At first glance, these books are tools. Both working documents and creative objects, they bring together images, colors, materials, texts, and intuitions.
Their purpose: to capture emerging signals, anticipate shifts in taste, and guide brands and designers. But as their context changes, so does their status.
THE MATERIALITY OF IDEAS
At Peclers Paris, trends are also shaped on paper.
These books bear witness to that process: collages, swatches, images, annotations. A structured visual construction, where each page organizes and brings into dialogue references, analysis, and intuition. More than a support, the book becomes an object in its own right — almost a work in itself.


They are tools, of course, but also deeply embodied objects. They reflect the way we work. They bring together references from fashion, but also from art, architecture, and culture at large. This is where our sensibility is shaped. They are grounded both in an analysis of cultural shifts, innovation, and societal change, and in a measure of intuition…
Anne Etienne Reboul, CEO of Peclers Paris
THE MAD LIBRARY, A SETTING FOR THE ARCHIVES OF CREATION
Why the Musée des Arts Décoratifs?
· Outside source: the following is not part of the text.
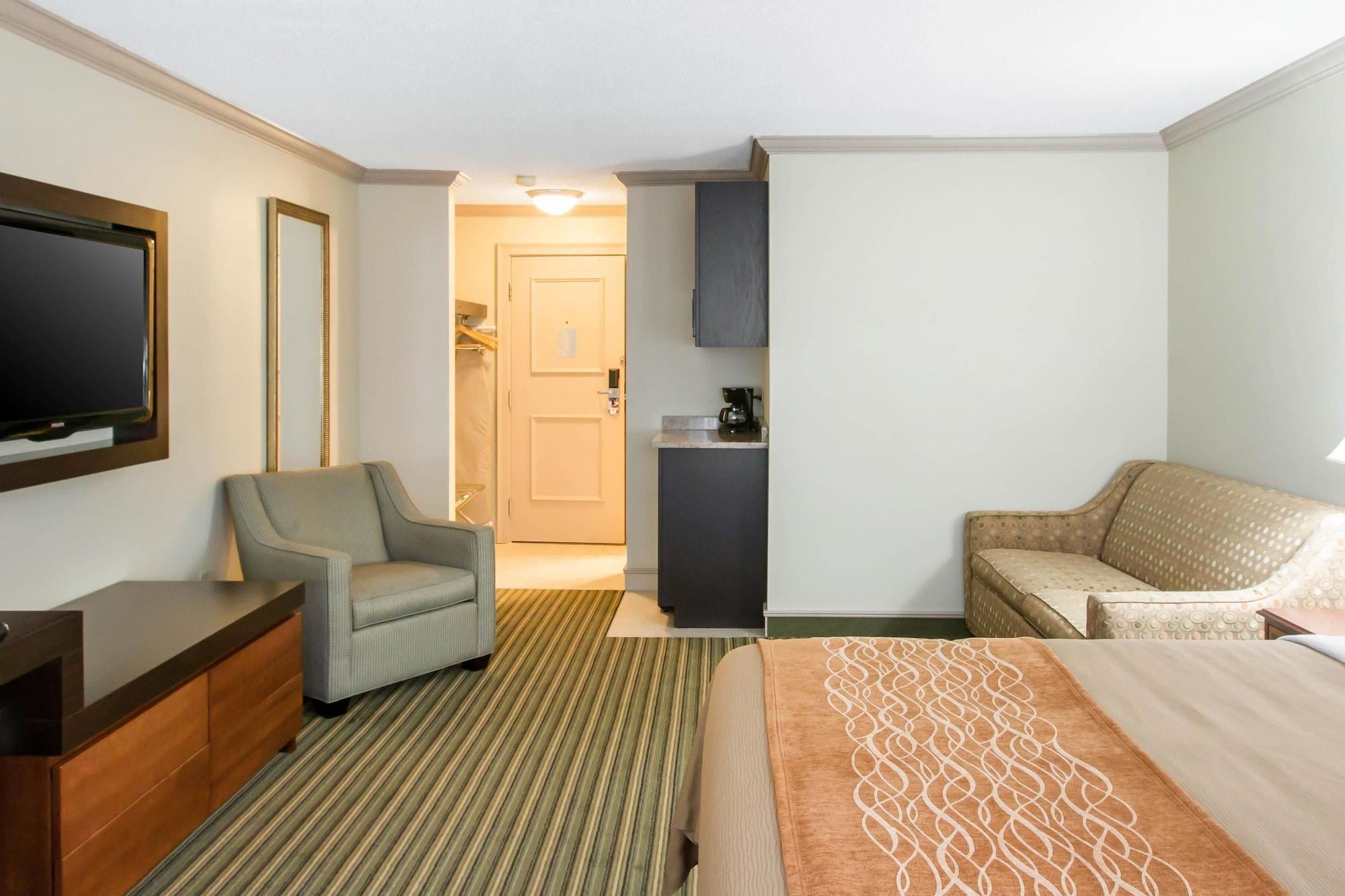 Comfort Inn Plainwell Extérieur photo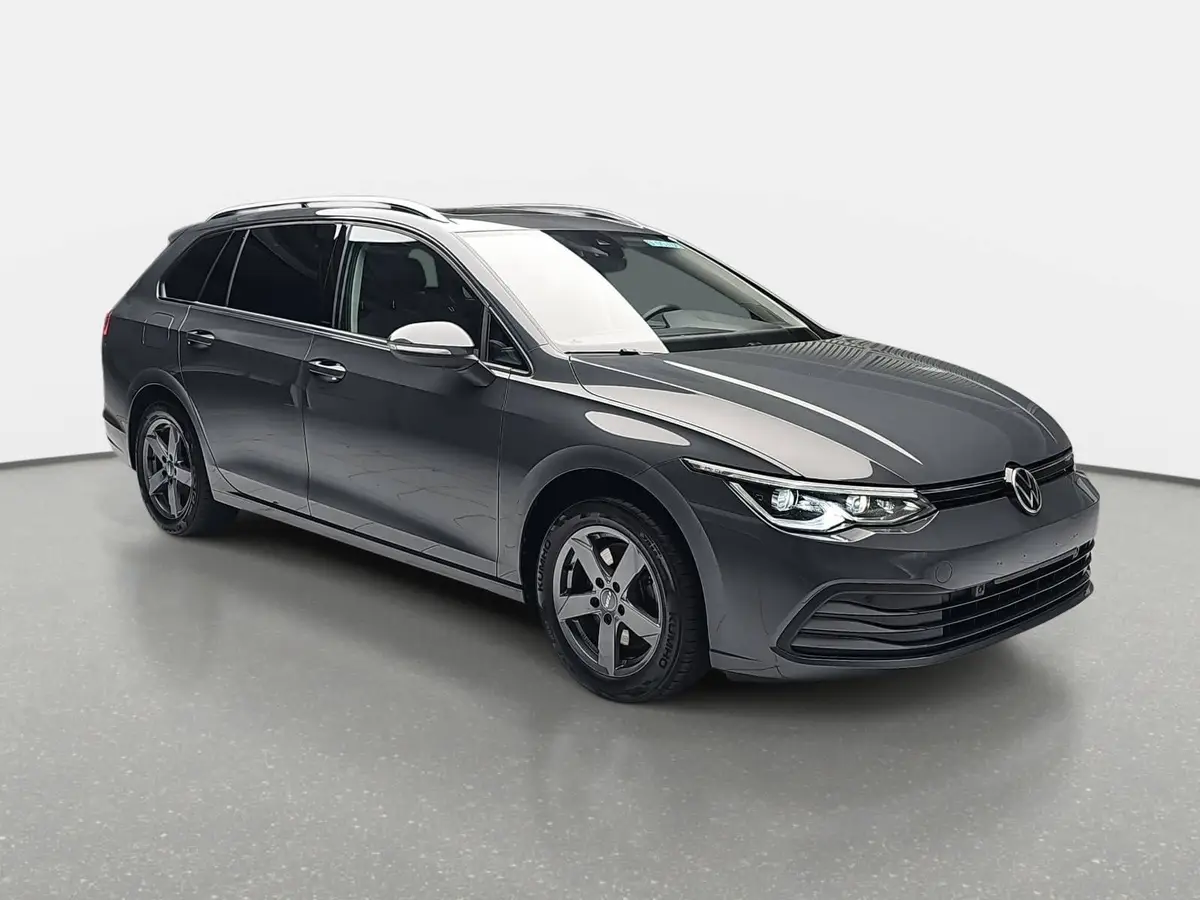 VW GOLF VARIANT 2.0 TDI VIII LIFE NAVI LED LM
Because it is one of the few institutions capable of reading these objects in all their complexity.
At the intersection of fashion, textile design, and the decorative arts, the museum offers a natural context for these trend books. Here, they enter into dialogue with other major archives—iconography, books, journals, and department store catalogues—and take their place alongside publications such as L’Élégance Parisienne, L’Officiel de la Couleur, as well as early catalogues from Printemps and La Samaritaine.
They also belong to a broader history: that of the style bureaux, now evolved into creative strategy and trend forecasting agencies.
Their inclusion in the Library’s collections marks a form of recognition—one that acknowledges a role long overlooked in the history of creation.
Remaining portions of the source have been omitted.